Like the rest of the world I heard about and watched the win of Wayde Van Niekerk at the Rio Olympic games in 2016. There were a lot of headlines about the young man. He became known as the man who broke Michael Johnson’s 17 year old 400m world record in a time of 43.03 seconds. The other headline was “Rio Olympic 2016 – Usain Bolt congratulates Wayde Van Niekerk.”
South Africans alike including myself were proud of his achievement. He was bringing home the gold. One thing that stood out for me about Wayde was his Christian faith. As you watch the end of his race you notice him pointing his fingers at the sky. He takes a moment to kneel down and pray. This is what he had to say about that moment
There was no strategy.
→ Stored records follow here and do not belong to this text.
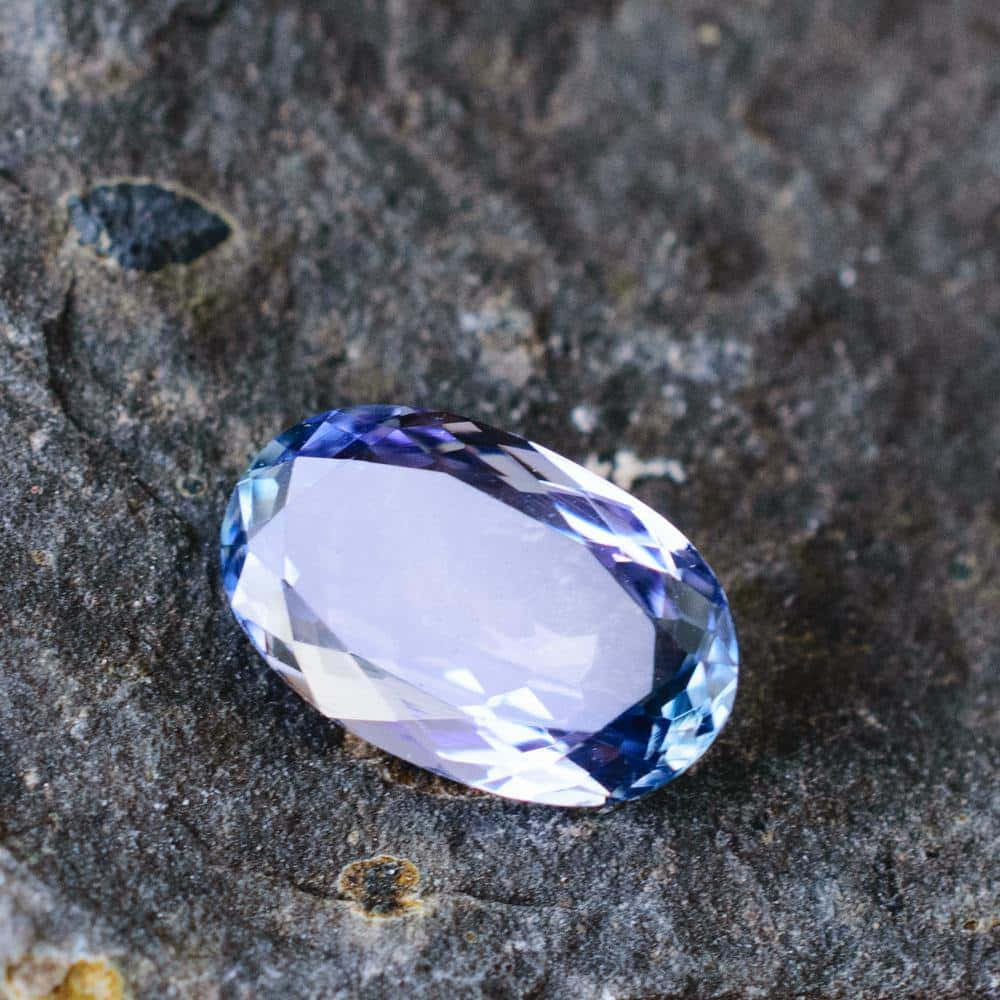 Crystal 桌布 壁紙 — 一顆刻面橢圓形藍寶石放在粗糙紋理的灰色岩石表面上。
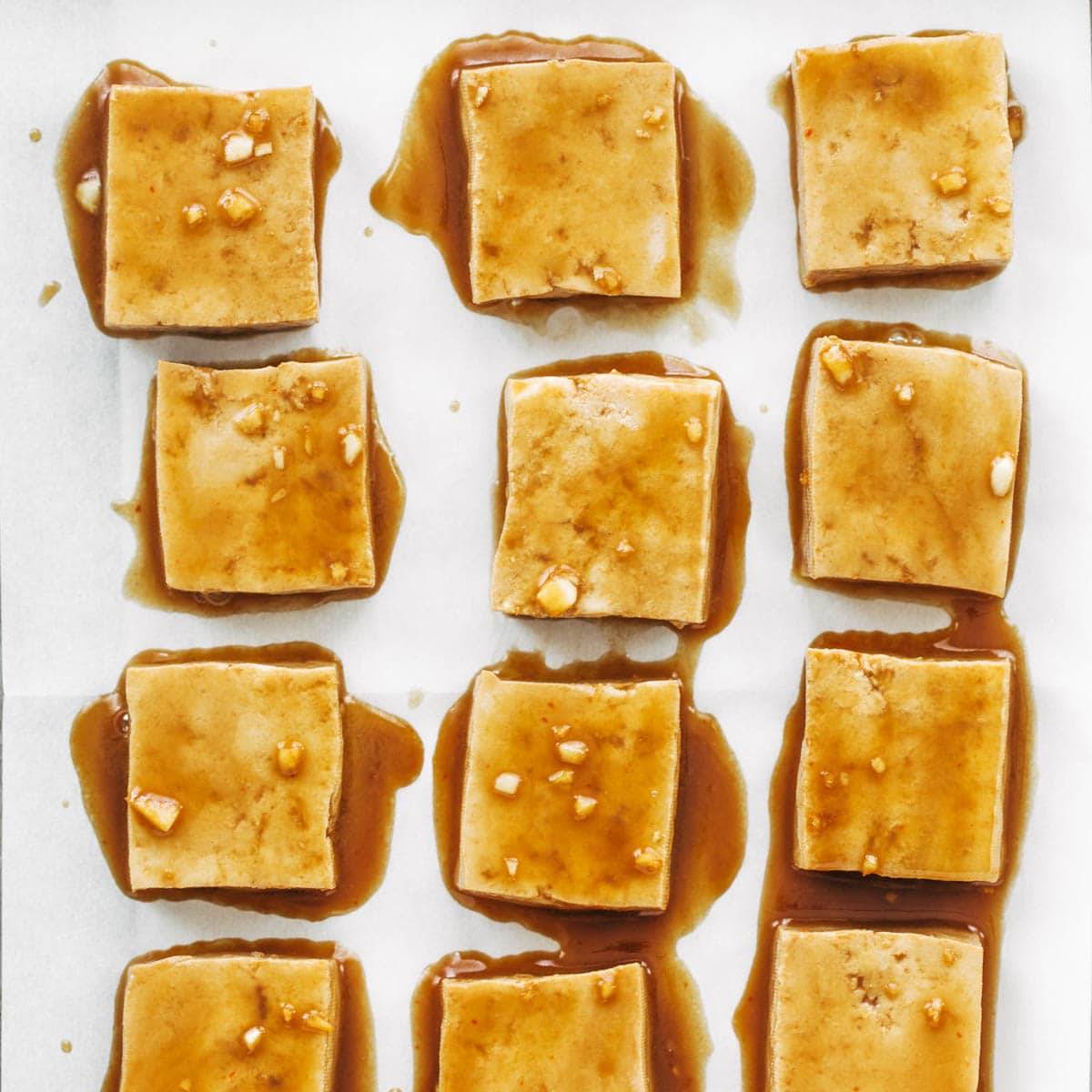 Marinated tofu on baking sheet.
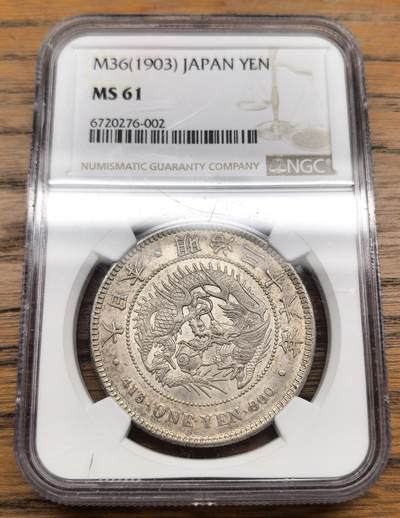 凡希社世界钱币微拍月度大拍（2025/07） - 明治三十六年龙壹元NGC-MS61，淡彩粉光品。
I just went out as hard as I could. I kept thinking someone was going to catch me because I felt so alone. I was thinking, what’s going on? What’s going on? And I just drove for the line. Then the first thing I could think to do was to fall on my knees to thank God and to give thanks for having the chance to compete against such great athletes
I got goosebumps when I read more about him. I wanted to be like him. I wanted to have so much faith that I would not be ashamed to share it or show it to the world.
I accepted Christ as my saviour two years ago. I returned to church after running away from God’s love and guidance. I wanted to live this life in my own terms.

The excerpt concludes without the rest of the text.